What is Special Journal
A large enterprise has a large volume of business transactions therefore it becomes essential to divide the journal into certain subsidiary books. These subsidiary books are also termed as the book of original entry or special journals.
Use of Special Journal
A special journal is useful in a manual accounting or bookkeeping system because it eliminates the time-consuming task of recording all debit and credit general ledger account names and figures in a general journal. The total numbers of these journals are passed to the general ledger in summary form on a regular basis. Transactions are reported in special journals in chronological order, making transactions easier to study.
Examples of Special Journals:
The following are the main subsidiary books generally maintained by a business:
In this book all cash receipts and payments are recorded in chronological order, all cash receipts are recorded on the debit side and all cash payments are recorded on the credit side.
It contains the account of all those suppliers of creditors from whom goods are purchased on credit for the purpose of resale only it is also called creditors or account payable ledger.
It contains the account of all those customers debtors to whom goods were sold on credit only it is also called debtors or account receivable ledger.
Purchase return and allowance journal:
In this book transactions relating to the goods returned to the suppliers are recorded it does not record the return of goods that were purchased on a cash basis.
Sales return and allowance journal
In this book transactions relating to the goods returned by the customers are recorded it does not record the return of goods that were sold on a cash basis.
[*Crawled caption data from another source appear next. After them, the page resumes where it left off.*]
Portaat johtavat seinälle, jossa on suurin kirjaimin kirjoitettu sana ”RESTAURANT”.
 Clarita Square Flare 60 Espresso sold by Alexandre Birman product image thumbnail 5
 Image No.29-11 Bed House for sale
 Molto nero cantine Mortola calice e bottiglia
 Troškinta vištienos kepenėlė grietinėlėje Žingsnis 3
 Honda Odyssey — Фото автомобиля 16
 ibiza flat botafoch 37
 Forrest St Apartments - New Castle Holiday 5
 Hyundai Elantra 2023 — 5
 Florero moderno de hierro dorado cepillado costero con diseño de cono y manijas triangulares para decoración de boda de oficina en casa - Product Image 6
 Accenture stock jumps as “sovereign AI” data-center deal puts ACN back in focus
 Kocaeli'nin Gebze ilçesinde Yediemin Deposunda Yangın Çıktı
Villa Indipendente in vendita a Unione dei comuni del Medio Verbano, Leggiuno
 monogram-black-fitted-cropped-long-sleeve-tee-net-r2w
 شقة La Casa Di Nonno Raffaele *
With today’s low-cost and efficient accounting tools, the advantages of using a special journal instead of a general journal for routine transactions have vanished. For example, when a sales invoice is created with accounting software, the general ledger and subsidiary accounts are automatically and correctly updated.
General Journal Vs. Special Journal
The difference between special journal and general journal is stated below:
The General Journal is used to record all business activities in chronological order. It consists of two lines (debit and credit) and is used by the majority of businesses, ranging from a home-based enterprise to a complex manufacturing sector. Routine operations for a small company should be easily handled by a single accounting journal. The general journal is created using the transaction note/receipt that the corporation received/issued.
Specialized journals are created to support the general journal with more complex transaction processes. Owing to the vast number of transactions that occur per day, the trading and manufacturing industries typically use this journal. Using a single journal for all businesses to classify similar transactions (such as sales and purchases) or trace high-intensity transactions would make it too complicated. As a result, sales transactions are reported in the sales journal, purchases in the purchasing journal, and cash receipts and payments in the cash journal.